One week in Washington, D.C. didn't give Gabriel Alan Lozano González the idea. It gave him confidence that his idea was worth the work, and the network to begin proving it.
When Gabriel arrived at TWC's Capitol Immersion Program, he was already building NAE, an independent think tank in northern Mexico designed to fill a gap no one else was addressing rigorous, nonpartisan analysis connecting a rapidly integrating border economy to the policymakers in Washington who shape it. He came looking for a system. He found one.
That’s what brought him to TWC’s Capitol Immersion Program.
I wasn’t looking for a credential. I was looking for a system.”
Gabriel Lozano

There is a specific kind of moment where TWC’s short-term programs are built for, not the scheduled sessions, but what happens inside them. For Gabriel, it came during a conversation on the role of think tanks in policymaking, when he mentioned he was in the early stages of building one in northern Mexico.
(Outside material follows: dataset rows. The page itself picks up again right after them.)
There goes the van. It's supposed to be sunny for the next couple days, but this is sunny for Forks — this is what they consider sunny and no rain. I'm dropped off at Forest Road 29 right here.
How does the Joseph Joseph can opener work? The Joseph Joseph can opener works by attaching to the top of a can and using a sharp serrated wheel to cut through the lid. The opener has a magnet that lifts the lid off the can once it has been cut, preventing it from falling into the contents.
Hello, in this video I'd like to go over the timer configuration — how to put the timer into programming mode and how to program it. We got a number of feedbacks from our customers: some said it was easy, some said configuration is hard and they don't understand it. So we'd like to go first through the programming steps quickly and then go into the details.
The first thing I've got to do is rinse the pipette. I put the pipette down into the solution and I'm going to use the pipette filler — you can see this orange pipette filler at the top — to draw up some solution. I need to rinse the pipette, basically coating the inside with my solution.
The conversation didn’t slow down. It accelerated. Speakers Patrick Cole, Charmaine Yoest and TWC President Kim Churches, engaged directly, not with polite interest, but with genuine questions. In Washington, where everyone is building something, the people who ask a second question tell you something important.
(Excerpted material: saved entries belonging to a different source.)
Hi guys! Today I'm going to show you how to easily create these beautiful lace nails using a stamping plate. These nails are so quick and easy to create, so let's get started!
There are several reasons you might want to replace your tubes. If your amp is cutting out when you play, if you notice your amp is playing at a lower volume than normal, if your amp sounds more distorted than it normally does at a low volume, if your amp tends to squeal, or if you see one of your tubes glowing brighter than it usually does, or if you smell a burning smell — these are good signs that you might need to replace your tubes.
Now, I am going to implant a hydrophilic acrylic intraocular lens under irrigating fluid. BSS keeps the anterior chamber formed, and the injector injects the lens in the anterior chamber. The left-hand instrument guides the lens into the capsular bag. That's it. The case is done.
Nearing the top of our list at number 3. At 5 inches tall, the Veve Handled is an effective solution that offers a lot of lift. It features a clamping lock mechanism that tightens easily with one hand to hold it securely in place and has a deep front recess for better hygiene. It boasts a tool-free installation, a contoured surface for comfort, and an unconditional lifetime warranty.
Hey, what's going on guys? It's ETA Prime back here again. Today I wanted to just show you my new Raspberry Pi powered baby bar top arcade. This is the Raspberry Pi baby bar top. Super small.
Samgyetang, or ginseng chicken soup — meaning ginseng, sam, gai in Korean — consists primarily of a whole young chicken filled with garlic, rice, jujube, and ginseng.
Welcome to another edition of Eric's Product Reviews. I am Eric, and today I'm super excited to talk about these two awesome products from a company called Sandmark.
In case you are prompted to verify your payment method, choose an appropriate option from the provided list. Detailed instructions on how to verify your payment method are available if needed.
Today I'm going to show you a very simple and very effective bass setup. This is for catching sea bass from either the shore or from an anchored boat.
The most valuable thing TWC gave me in that moment was not information. It was legitimacy—the sense that this kind of project, built at the binational frontier, was worth taking seriously.”
Gabriel Lozano
Before the program, he understood Washington the way most people do from the outside: as a system of institutions. The program gave him a second map. Underneath the visible architecture, D.C. runs on something far less visible and far more decisive, a continuous, overlapping exchange between think tanks, advocacy organizations, government staff and the individuals who move between all of them.
He left with a higher standard and a clearer understanding of the relational architecture his institution would need to build. Not a template. A set of principles he had observed in practice.
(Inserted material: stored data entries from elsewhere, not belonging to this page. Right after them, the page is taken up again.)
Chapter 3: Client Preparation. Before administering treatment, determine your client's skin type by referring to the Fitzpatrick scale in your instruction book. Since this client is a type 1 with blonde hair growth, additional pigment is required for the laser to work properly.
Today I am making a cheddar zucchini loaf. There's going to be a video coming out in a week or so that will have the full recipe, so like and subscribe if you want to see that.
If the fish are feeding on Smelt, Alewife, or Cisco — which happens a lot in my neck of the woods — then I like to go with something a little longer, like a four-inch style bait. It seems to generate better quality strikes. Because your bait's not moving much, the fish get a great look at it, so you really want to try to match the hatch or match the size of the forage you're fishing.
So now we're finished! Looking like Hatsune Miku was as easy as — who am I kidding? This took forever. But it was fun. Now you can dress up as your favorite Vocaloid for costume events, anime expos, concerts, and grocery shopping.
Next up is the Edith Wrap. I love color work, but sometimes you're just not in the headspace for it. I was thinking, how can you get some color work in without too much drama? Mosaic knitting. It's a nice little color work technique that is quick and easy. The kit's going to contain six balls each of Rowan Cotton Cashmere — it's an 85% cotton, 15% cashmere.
What he would tell a student on the fence:
The hesitation you feel is probably the most important reason to apply. Come with your questions, your context, and your ambition. The experience will show you more clearly than almost anything else, what becomes possible when you bring them into the right room.”
Gabriel Lozano

Gabriel returned home with something his regional peers couldn’t replicate: a network that extends beyond his ecosystem, a clearer understanding of how decisions get made at the federal level, and the beginning of relationships he intends to build on for the rest of his career.
TWC didn’t give him the idea. It gave him confidence that the idea was worth the work.